Corporate social responsibility, often referred to as CSR, is the integration of ethical and moral decision-making into an organization’s business plan. The goal for CSR policies is to have them included in every aspect of the business plan so they become fully part of the plan. This is so they will be as effective as possible. The purpose of CSR is for the company to take responsibility for the footprint they are leaving on the environment (ex. use of electricity, carbon emissions, waste disposal) and make an effort to positively change the effect they leave.
The implementation of CSR is important for the future of the environment; however, it requires a large initial investment from businesses. This often deters businesses from adopting CSR policies, as they do not feel the need to spend large amounts of capital and acquire debt when their business is already functioning well. There is proof that CSR policies generate long-run profitability because many CSR policies adopted help with operations efficiency (reducing energy and using recycled factors of production). In addition to helping the long-term healthiness of our environment, the businesses who adopt CSR policies find that their company image and culture drastically improves.

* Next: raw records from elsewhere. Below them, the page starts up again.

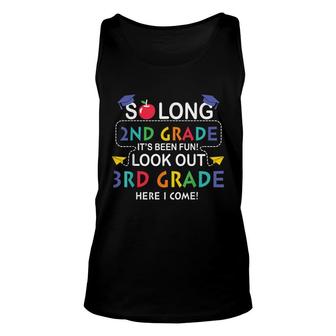 So Long 2Nd Grade Fun Look Out 3Rd Grade Kids Back To School Unisex Tank Top - Seseable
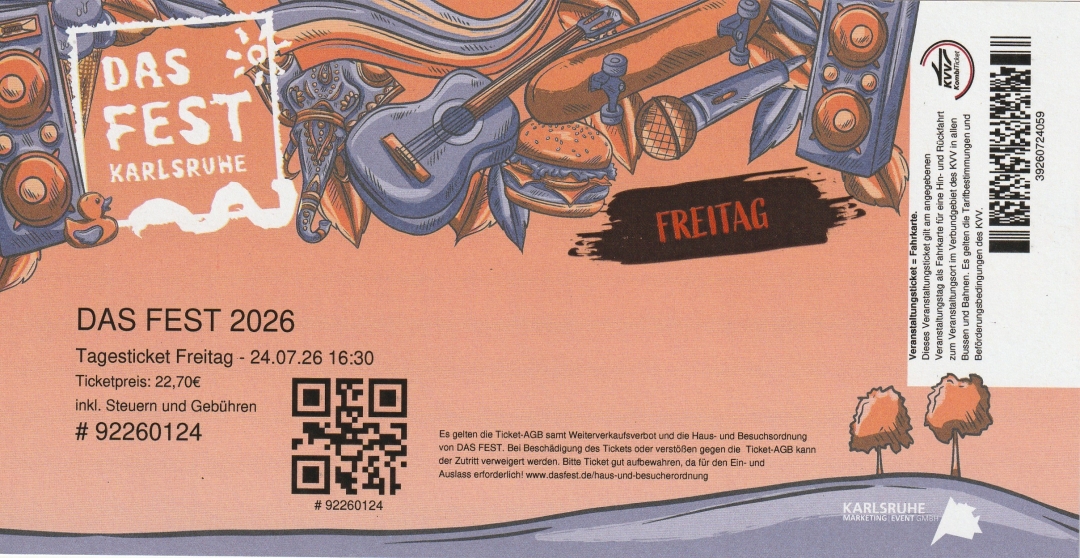 Das Fest 2026 23.-26.07.2026 Günther-Klotz-Anlage
Karlsruhe Das Fest 2026 23.-26.07.2026
Günther-Klotz-Anlage Karlsruhe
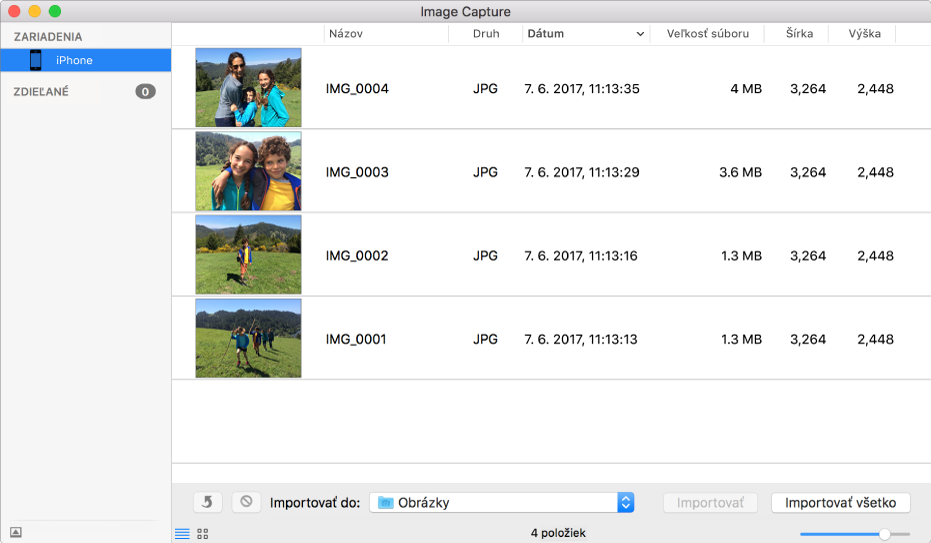 Okno aplikácie Image Capture zobrazujúce obrázky v zariadení.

There are currently no formal rules and regulations in place regarding corporate social responsibility so many different approaches to CSR exist. The most common approach is philanthropy which consists primarily of monetary donations or assistance given to non-profit organizations. An issue with philanthropy is that it does not promote sustainability (the organization may not use the donation effectively). A second approach is community-based development, where the business directly concerns itself with a specific concern (for example, tree planting or access to clean water). A third approach is to directly incorporate CSR strategy into the business plan, for example, using only recycled materials to create the final product. A fourth approach is called creating shared value (CSV), which compares short-term benefits with environmental benefits.
Notable companies with socially responsible business plans are PepsiCo Inc. (they use all-electric trucks to deliver their goods), Starbucks Corporation (they aim to spend one million hours globally volunteering) and Dell Inc. (they are reducing the amount of packaging, as well as making the packaging they do use primarily recycled or recyclable).